EU: Google shopping search reforms working
EU Commissioner Vestager gave qualified approval to Google's changes.
Despite ongoing complaints from Google’s European shopping rivals, the European Commission chief said the changes Google has made appear to be working. European Competition Commissioner Margrethe Vestager is quoted by Reuters explaining that rivals now have greater visibility in search results and there are more clicks being driven to their sites.
While Vestager cautioned that “It’s still too early to draw conclusions,” she observed:
We know from our monitoring there’s been a steady increase in the numbers over the last few months. The most recent figures show at least one rival appears in about one-third of new shopping boxes as compared to 15 percent of the shopping boxes back in March . . . Similarly the share of clicks of products of rivals in Google shopping boxes also increased from 2.5 percent in February to 6.1 percent now.

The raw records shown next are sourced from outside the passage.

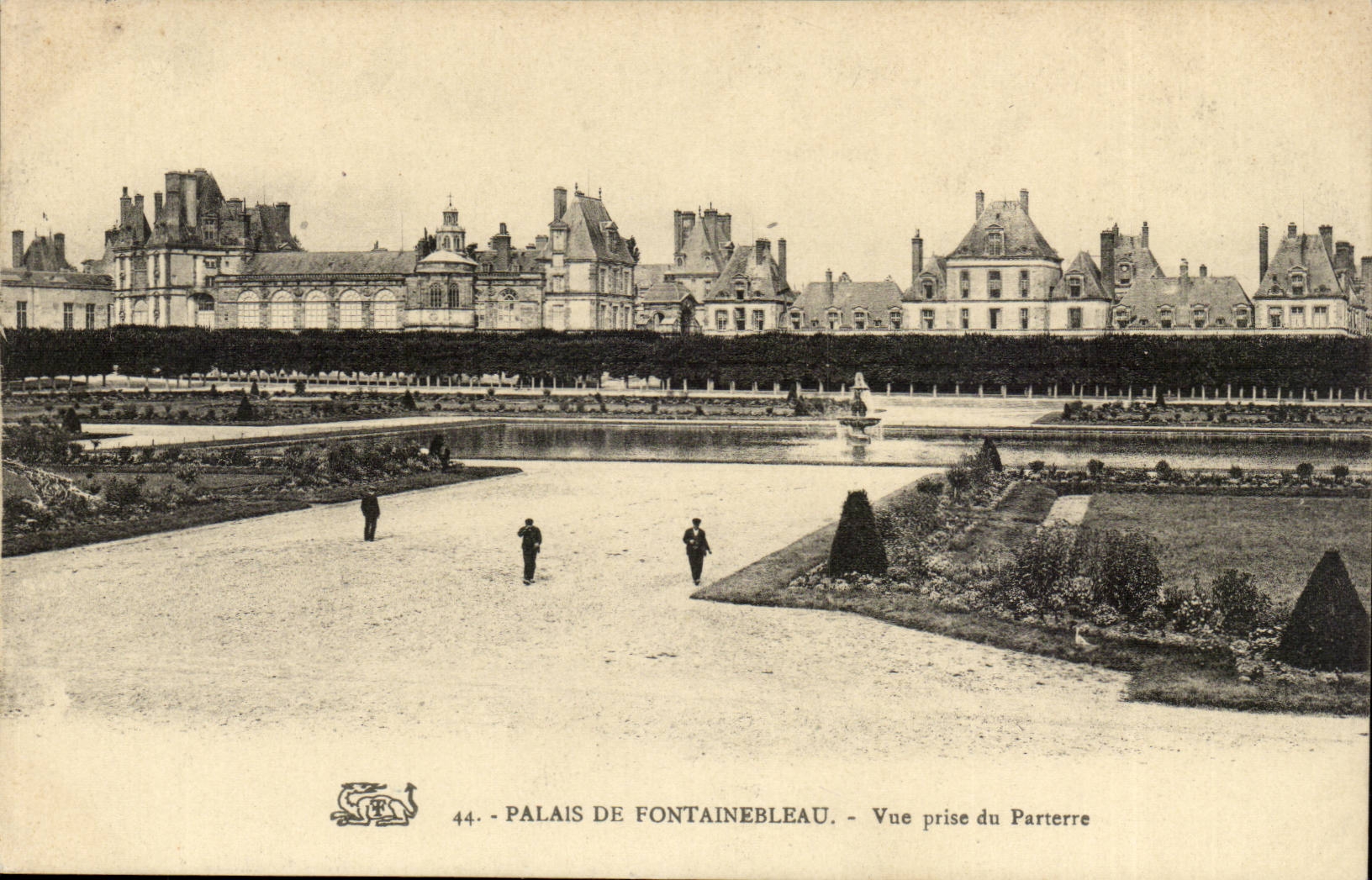 Palazzo di Fontainebleau — Vista presa dal Parterre — Editore : 44. - PALAIS DE FONTAINEBLEAU
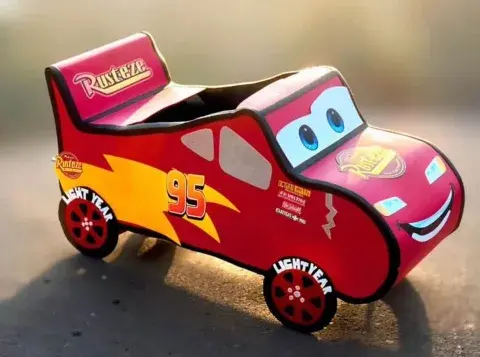 Carro de cartón Rayo McQueen 95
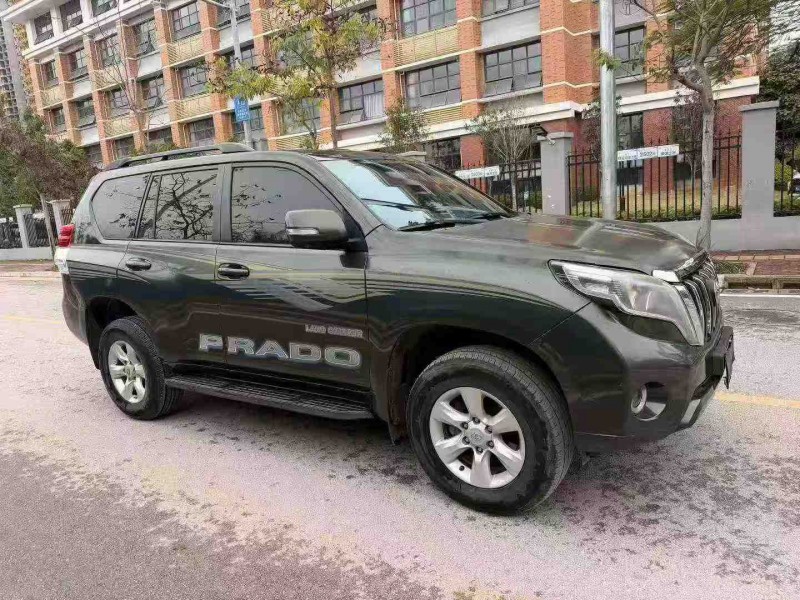 南宁12年丰田普拉多3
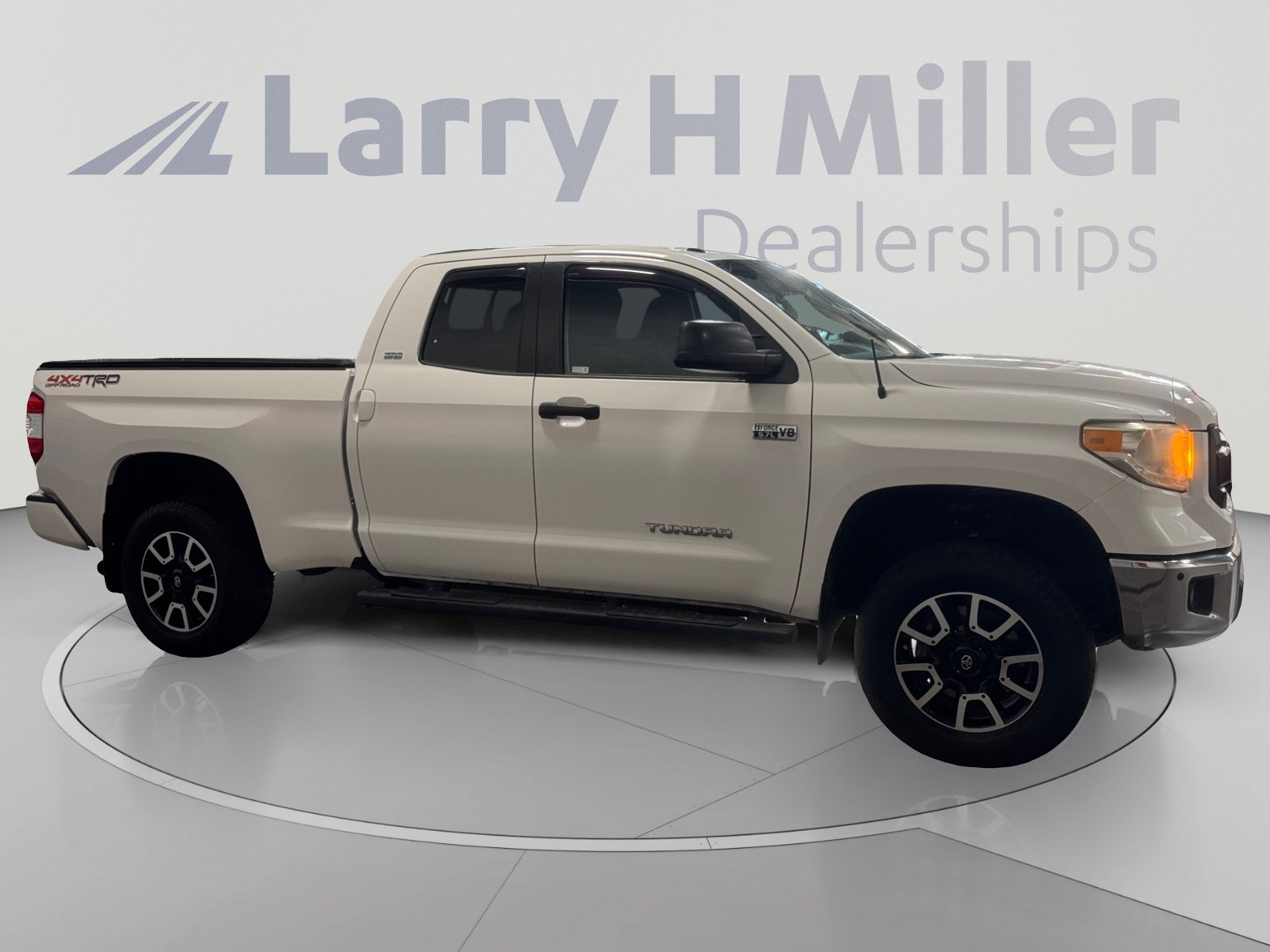 Used 2016 Toyota Tundra SR5 w/ TRD Off Road Package AWD/4WD image 6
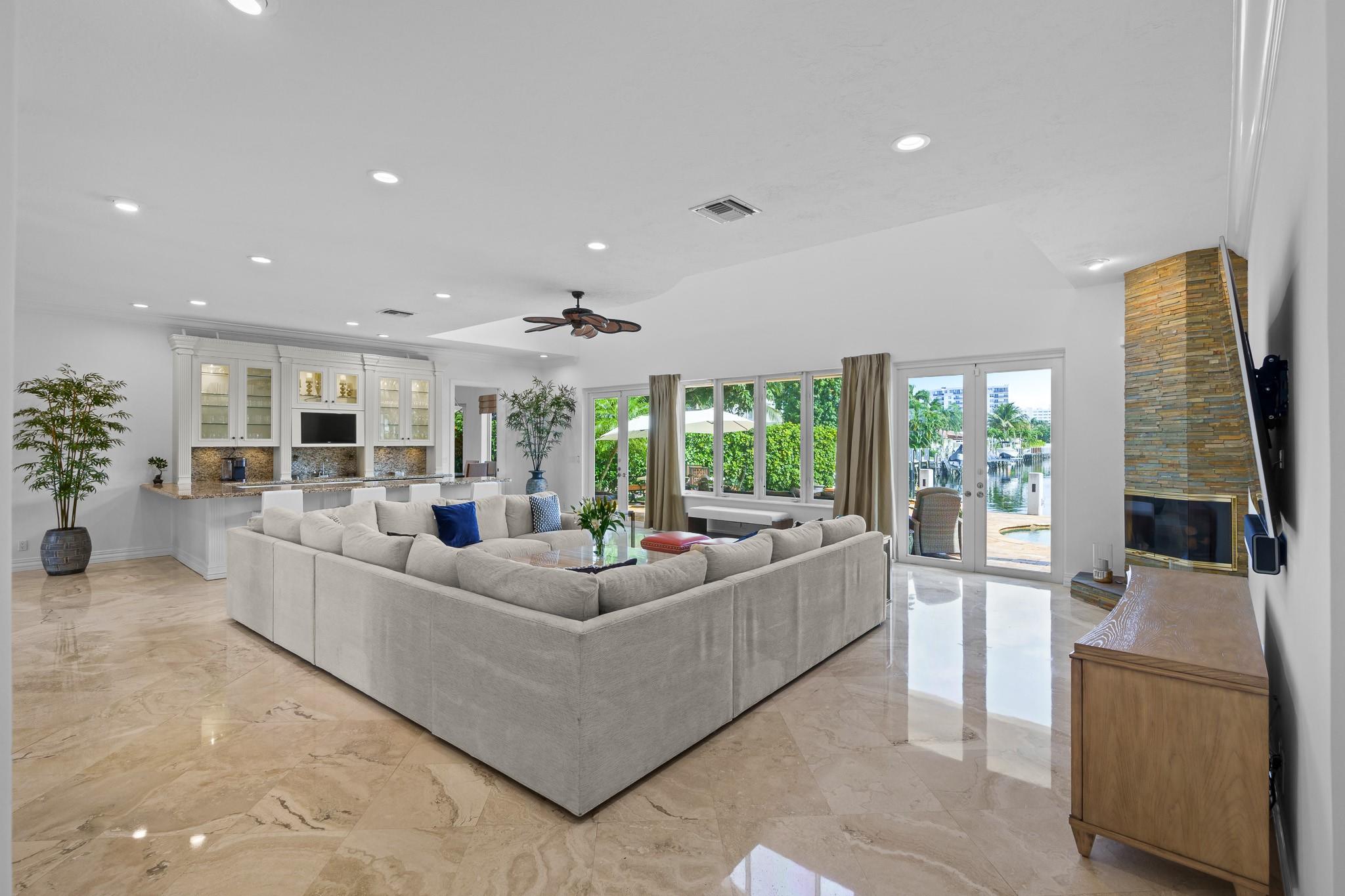 LANDINGS FIRST SEC - Residential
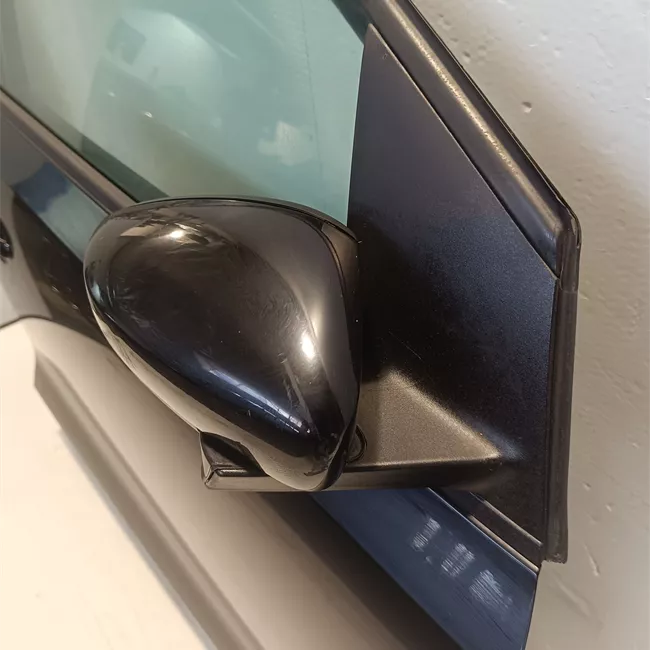 Porta anteriore destra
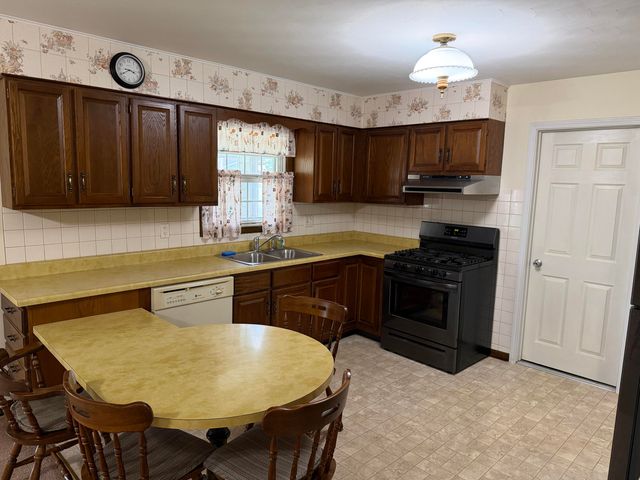 2717 Lois Street, Portage, IN 46368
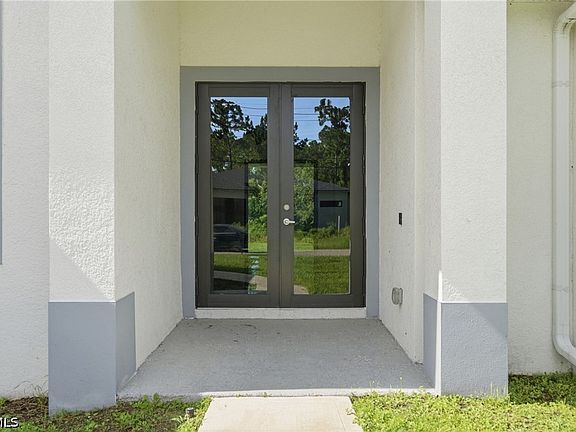 4th image of 1002 E 5th St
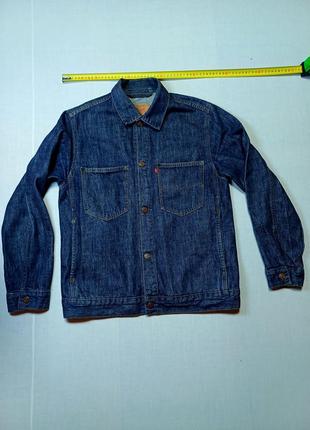 Куртка джинсовая редкостная levi's 70511 0404 size s стан идеально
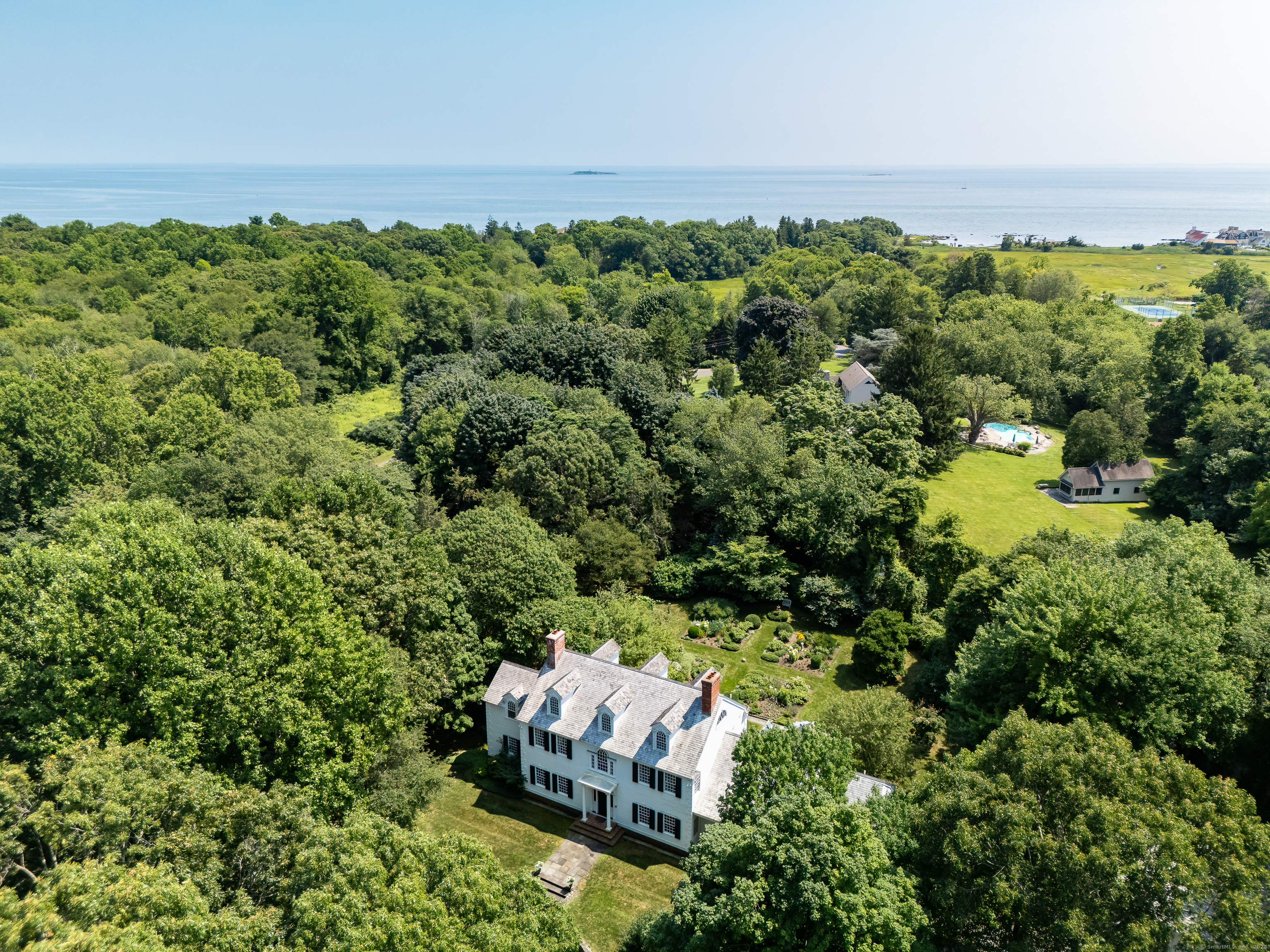 221 Vineyard Point Road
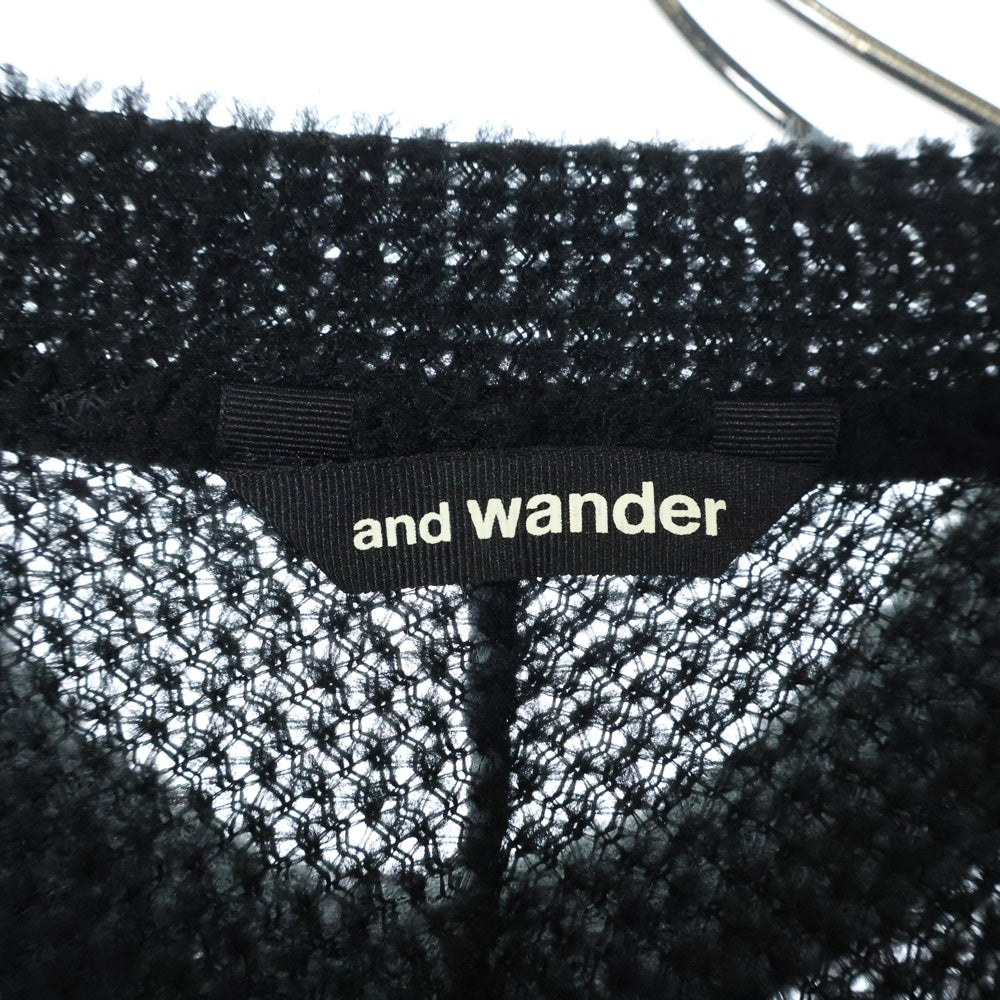 and wander(アンドワンダー) 23AW ×ALPHA DIRECT KNIT PULLOVER アルファダイレクト フロントポケット Vネック ニットセーター ブラック 574-3244024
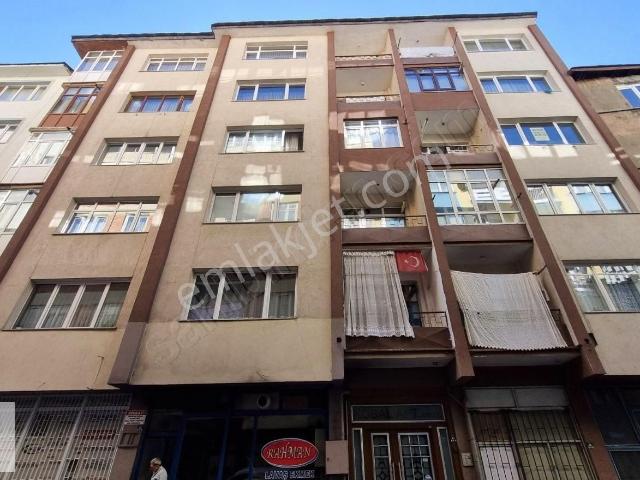 Fobem Gym Den Şehir Merkezinde Satılık 3+1 Geniş Daire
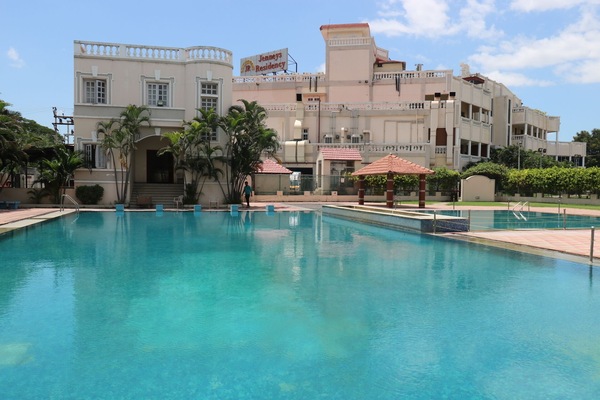 Una piscina al aire libre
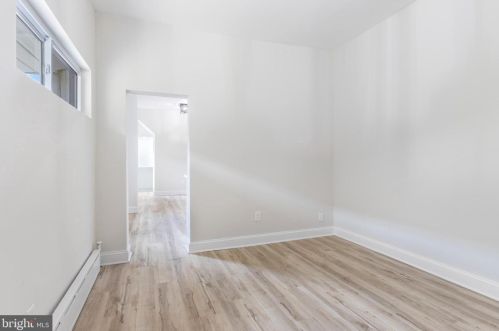 723 Market St, Gloucester NJ  08030-1540 exterior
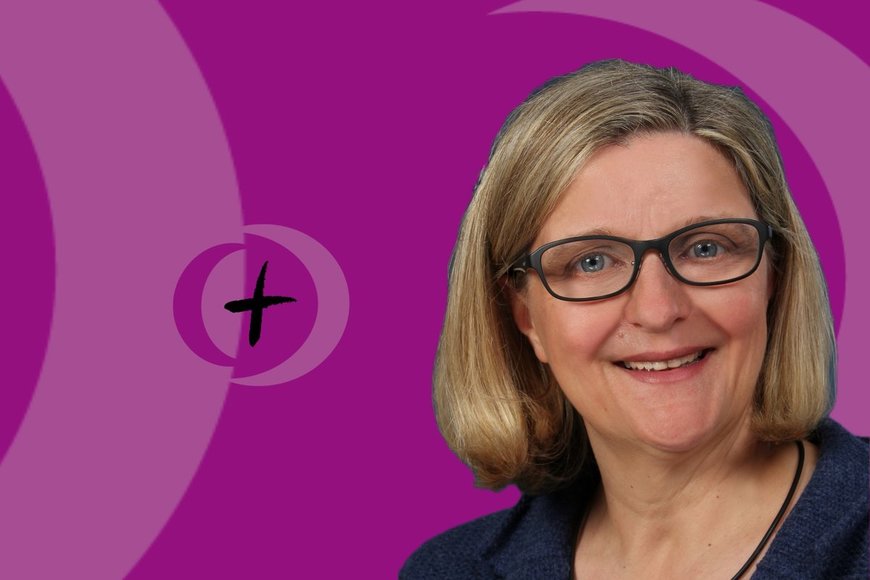 Eine Frau blickt in die Kamera und lächelt. - Copyright: KKLL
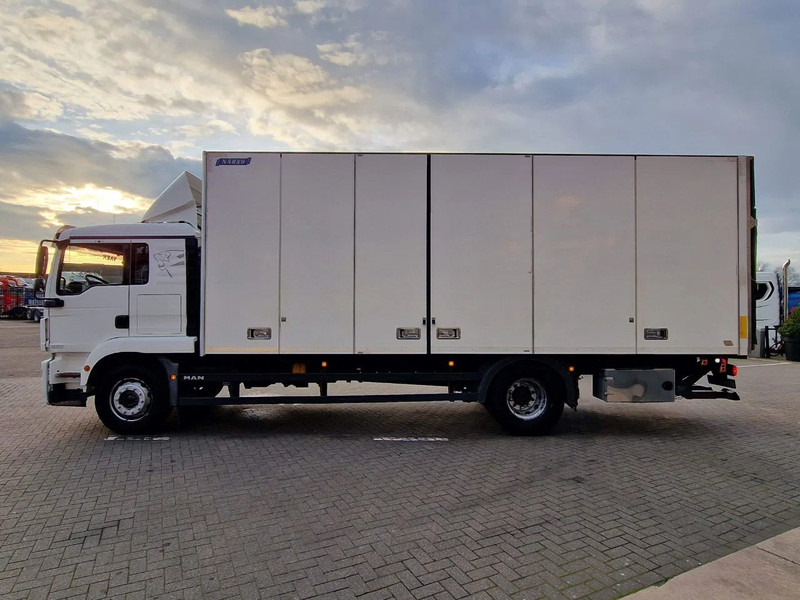 MAN TGM 18.290 4x2 - Sleepercab - Box with sidedoors - Loadlift - Full air - Euro 6 - Automatic - Φορτηγό κόφα: φωτογραφία 4 MAN TGM 18.290 4x2 - Sleepercab - Box with sidedoors - Loadlift - Full air - Euro 6 - Automatic - Φορτηγό κόφα: φωτογραφία 4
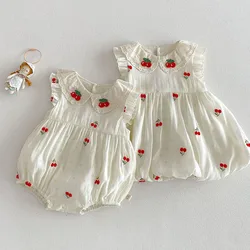 Vestido de verano para bebé sin mangas con encaje y cerezas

The Google Shopping changes came in the wake of a record €2.4 billion ($2.8 billion) penalty, which Google is appealing. Google has also suggested in the past that the performance of its shopping search rivals is partly a product of poor user experiences on some of those sites.
Commissioner Vestager’s remarks to the European Parliament were a rare statement of support for the search engine. She has been persistently critical of Google and its market position since taking office. However, because of Danish internal politics, she may not be reappointed to a second term in 2019. A new Competition chief could change the dynamics of antitrust enforcement in Europe.
Google parent Alphabet faces two more potential antitrust penalties, surrounding Android and AdWords agreements. In addition, Yelp has asked for a new formal Statement of Objections (antitrust charges) against the company in local search. That complaint follows the logic of the earlier shopping search complaint that led to the penalty and remedial measures.
Notwithstanding the qualified support from Vestager, a June 6 report in Financial Times (paywall), says that the European Commission is ready to impose a second major antitrust fine over Android and the issue of OEM requirements that Google apps be pre-installed for those using the Google Play store.